Case ID: f-appx_485/html/0729-01.html
Source: Caselaw Access Project
Author: {"author": "PER CURIAM: \n    ", "license": "Public Domain", "url": "https://static.case.law/"}
Date Created: 2024-08-24T03:29:51.129683

UNITED STATES of America, Plaintiff-Appellee v. Jose Gustavo JAIMES-ARANDA, Defendant-Appellant.
    No. 11-51093
    Summary Calendar.
    United States Court of Appeals, Fifth Circuit.
    Aug. 14, 2012.
    Joseph H. Gay, Jr., Assistant U.S. Attorney, U.S. Attorney’s Office, San Antonio, TX, for Plaintiff-Appellee.
    Philip J. Lynch, Assistant Federal Public Defender, Henry Joseph Bemporad, Federal Public Defender, Federal Public Defender’s Office, San Antonio, TX, for Defendant-Appellant.
    Before BENAVIDES, ELROD, and HAYNES, Circuit Judges.
   PER CURIAM:

Jose Gustavo Jaimes-Aranda was convicted of one charge of illegal reentry into the United States and was sentenced to serve 46 months in prison and a three-year term of supervised release. In this appeal, he argues that his sentence, which is above the applicable guidelines range, is substantively unreasonable because it is greater than necessary to advance the goals of 18 U.S.C. § 3553(a). We review this claim for plain error only because it was not raised in the district court. See United States v. Peltier, 505 F.3d 389, 391-92 (5th Cir.2007). Although Jaimes-Aranda challenges the application of this standard, this challenge is, as he acknowledges, foreclosed. See id.

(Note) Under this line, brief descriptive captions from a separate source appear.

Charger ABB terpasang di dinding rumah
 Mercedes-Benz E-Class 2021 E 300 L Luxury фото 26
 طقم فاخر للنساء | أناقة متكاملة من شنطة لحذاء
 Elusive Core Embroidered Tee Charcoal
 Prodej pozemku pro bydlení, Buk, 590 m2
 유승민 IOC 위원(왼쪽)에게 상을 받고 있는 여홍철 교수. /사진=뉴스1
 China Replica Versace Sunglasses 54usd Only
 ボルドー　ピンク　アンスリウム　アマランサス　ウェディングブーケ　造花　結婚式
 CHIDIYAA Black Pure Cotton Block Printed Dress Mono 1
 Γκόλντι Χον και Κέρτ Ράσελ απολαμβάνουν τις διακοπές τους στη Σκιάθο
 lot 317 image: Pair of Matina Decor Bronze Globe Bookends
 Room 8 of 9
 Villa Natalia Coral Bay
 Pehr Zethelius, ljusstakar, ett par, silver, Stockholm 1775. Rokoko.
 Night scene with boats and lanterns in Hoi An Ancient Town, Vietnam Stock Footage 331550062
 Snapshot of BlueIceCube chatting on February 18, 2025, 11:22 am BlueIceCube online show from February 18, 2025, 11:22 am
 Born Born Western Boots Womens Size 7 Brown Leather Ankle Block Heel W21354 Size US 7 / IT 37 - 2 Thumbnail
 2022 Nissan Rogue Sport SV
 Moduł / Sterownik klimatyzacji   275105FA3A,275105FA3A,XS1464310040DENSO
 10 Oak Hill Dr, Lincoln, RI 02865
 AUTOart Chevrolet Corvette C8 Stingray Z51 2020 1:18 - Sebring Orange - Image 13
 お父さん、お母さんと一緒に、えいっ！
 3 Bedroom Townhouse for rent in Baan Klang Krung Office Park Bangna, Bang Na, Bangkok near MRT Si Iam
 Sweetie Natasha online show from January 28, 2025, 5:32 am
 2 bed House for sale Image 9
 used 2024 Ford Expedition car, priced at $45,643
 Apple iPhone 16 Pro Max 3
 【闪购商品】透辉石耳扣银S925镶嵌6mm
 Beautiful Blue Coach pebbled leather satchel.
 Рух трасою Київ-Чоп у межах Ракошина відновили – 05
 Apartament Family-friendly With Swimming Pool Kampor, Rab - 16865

In reviewing the substantive reasonableness of a sentence, this court considers “the totality of the circumstances, including the extent of any variance from the Guidelines range” and “must give due deference to the district court’s decision that the § 3553(a) factors, on a whole, justify the extent of the variance.” Gall v. United States, 552 U.S. 38, 51, 128 S.Ct. 586, 169 L.Ed.2d 445 (2007). “A non-Guideline sentence unreasonably fails to reflect the statutory sentencing factors where it (1) does not account for a factor that should have received significant weight, (2) gives significant weight to an irrelevant or improper factor, or (3) represents a clear error of judgment in balancing the sentencing factors.” United States v. McElwee, 646 F.3d 328, 343 (5th Cir.2011) (quoting United States v. Smith, 440 F.3d 704, 708 (5th Cir.2006)) (internal brackets and quotation marks omitted).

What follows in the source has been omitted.